**Task to carry out**
Look below for the line with "Rimless Aviator Sunglasses". Retype it and every line after it to the end, exactly, but leave out the pictures.

**Given data**
╔══
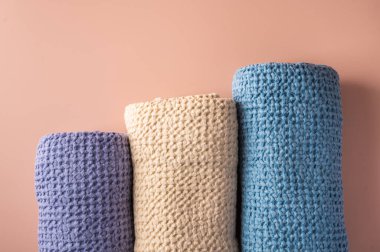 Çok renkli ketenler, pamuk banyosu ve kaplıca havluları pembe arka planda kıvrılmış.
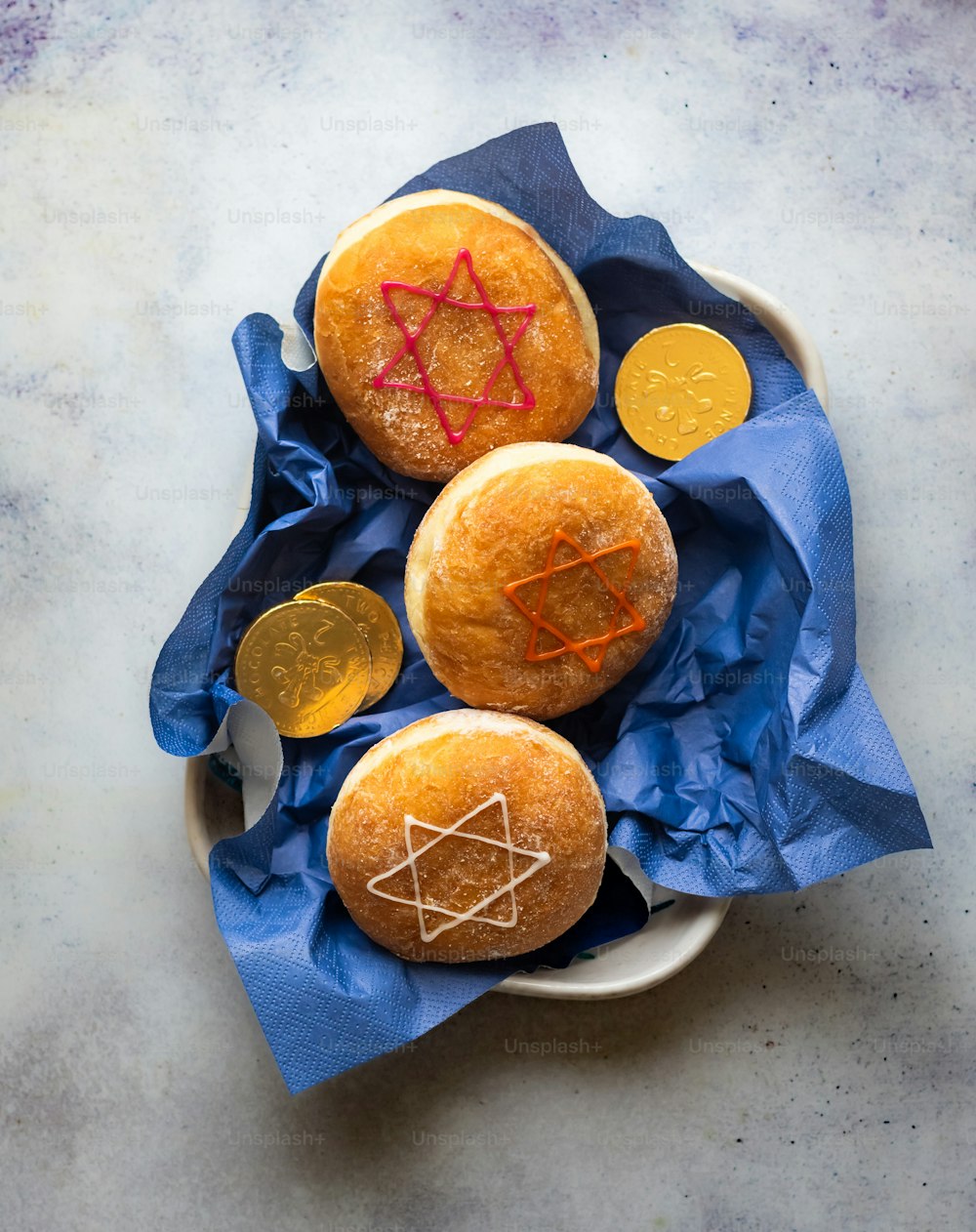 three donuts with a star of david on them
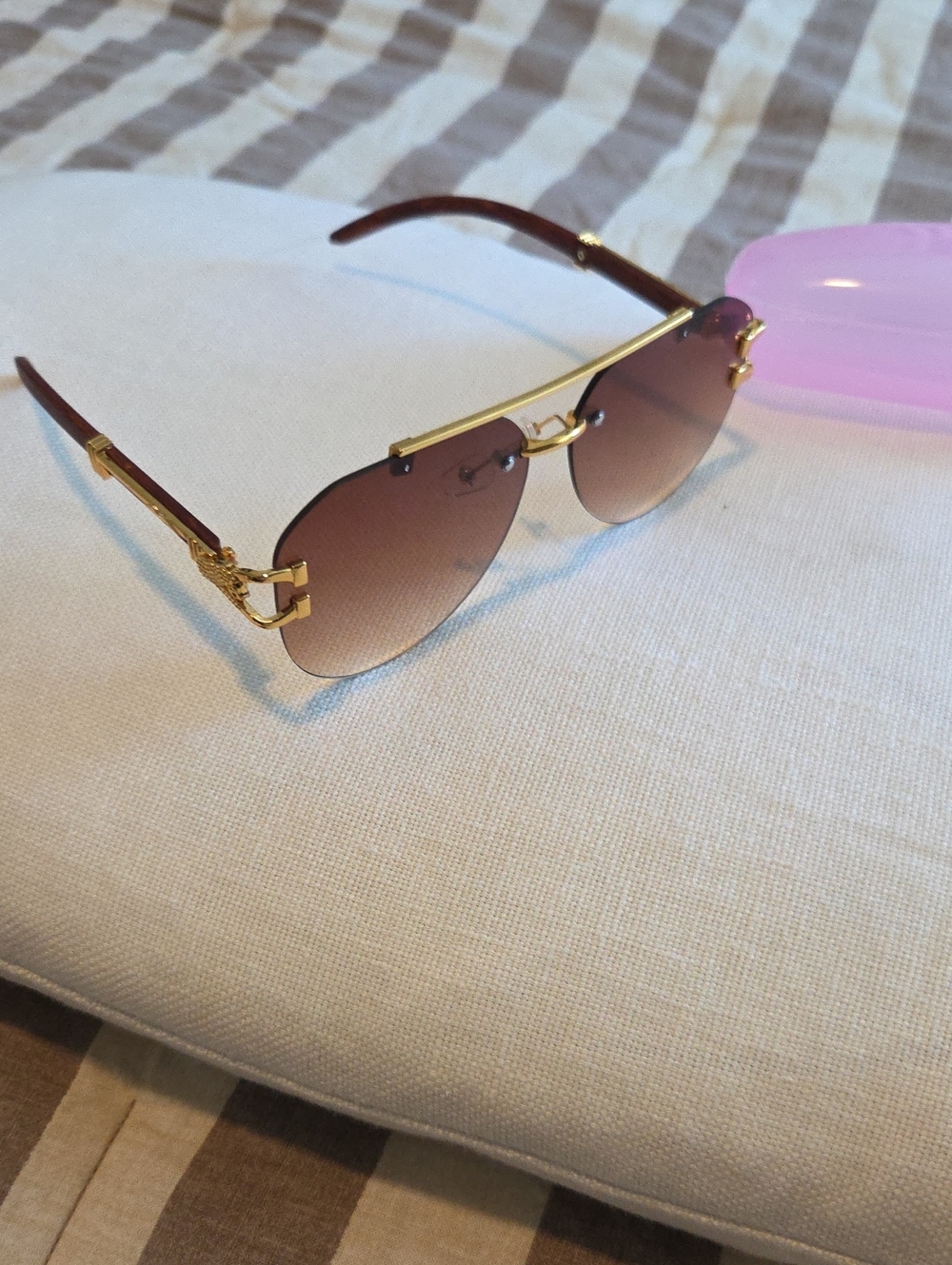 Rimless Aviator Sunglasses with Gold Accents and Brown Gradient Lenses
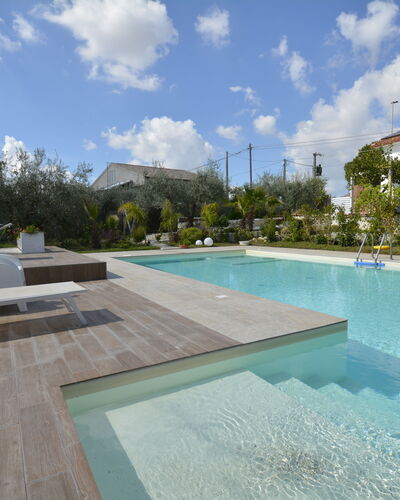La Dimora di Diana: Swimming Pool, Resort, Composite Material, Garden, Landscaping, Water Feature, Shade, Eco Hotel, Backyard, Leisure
╚══
**Output below**
 Rimless Aviator Sunglasses with Gold Accents and Brown Gradient Lenses
La Dimora di Diana: Swimming Pool, Resort, Composite Material, Garden, Landscaping, Water Feature, Shade, Eco Hotel, Backyard, Leisure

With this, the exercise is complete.